--- START ---

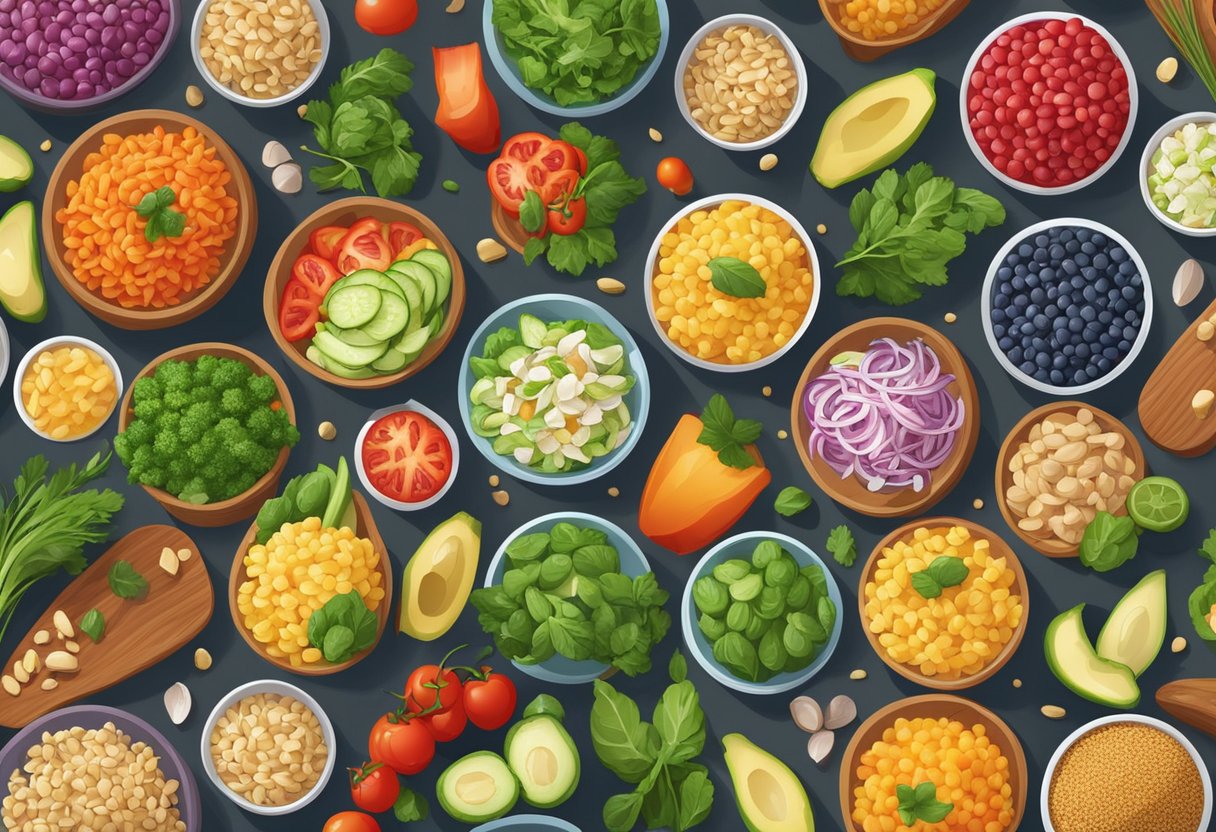 A variety of colorful grain salads arranged in a row, surrounded by fresh ingredients and storage containers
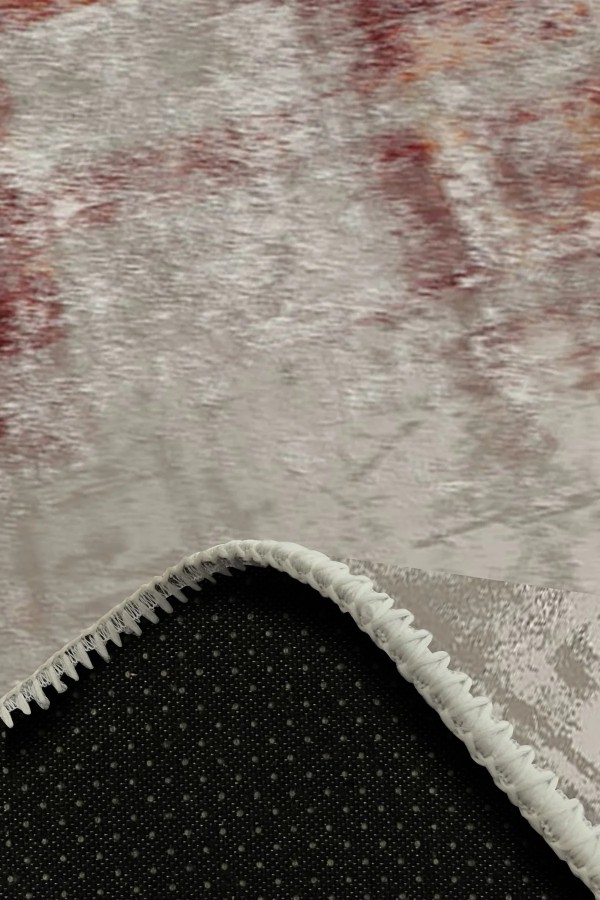 Erin  Desenli Pamuk Tabanlı Yıkanabilen Kaymaz Antibakteriyel Şönil Salon Halısı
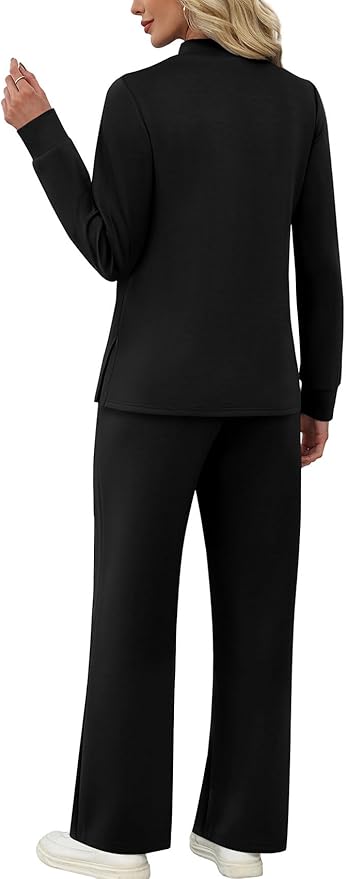 WIHOLL Two Piece Sets for Women Spring Travel Vacation Outfits 2026 Long Sleeve Lounge Sets Side Slit Wide Leg Pants S-3XL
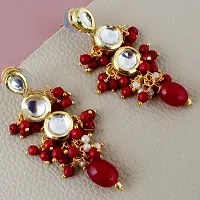 LUCKY JEWELLERY Back Meenakari 18k Gold Plated Maroon Color Tika Earring Combo Uncut Big Faux Kundan Choker Necklace set (926-J5SK-1810-M)-thumb2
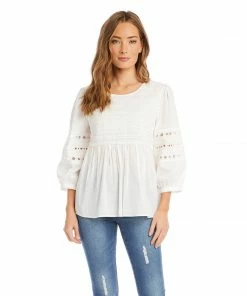 Karen Kane Embroidered Eyelet Top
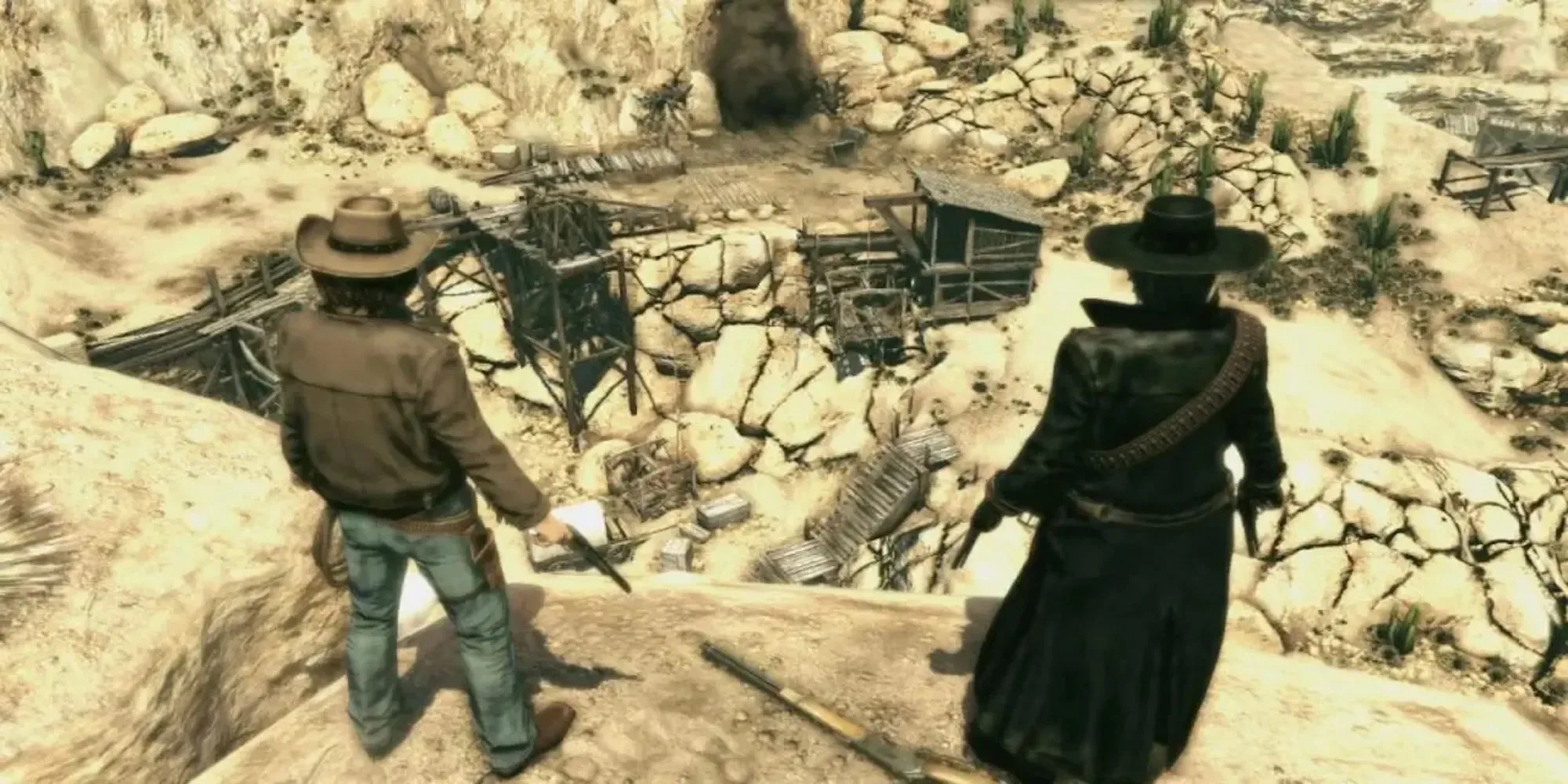 Hai cao bồi chuẩn bị đấu súng trong game FPS Call of Juarez Bound in Blood bối cảnh miền Viễn Tây hoang dã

--- END ---

#### EXERCISE
Give back the records above word for word, minus any image they hold.

#### EXPECTED ANSWER
 A variety of colorful grain salads arranged in a row, surrounded by fresh ingredients and storage containers
 Erin  Desenli Pamuk Tabanlı Yıkanabilen Kaymaz Antibakteriyel Şönil Salon Halısı
 WIHOLL Two Piece Sets for Women Spring Travel Vacation Outfits 2026 Long Sleeve Lounge Sets Side Slit Wide Leg Pants S-3XL
 LUCKY JEWELLERY Back Meenakari 18k Gold Plated Maroon Color Tika Earring Combo Uncut Big Faux Kundan Choker Necklace set (926-J5SK-1810-M)-thumb2
 Karen Kane Embroidered Eyelet Top
 Hai cao bồi chuẩn bị đấu súng trong game FPS Call of Juarez Bound in Blood bối cảnh miền Viễn Tây hoang dã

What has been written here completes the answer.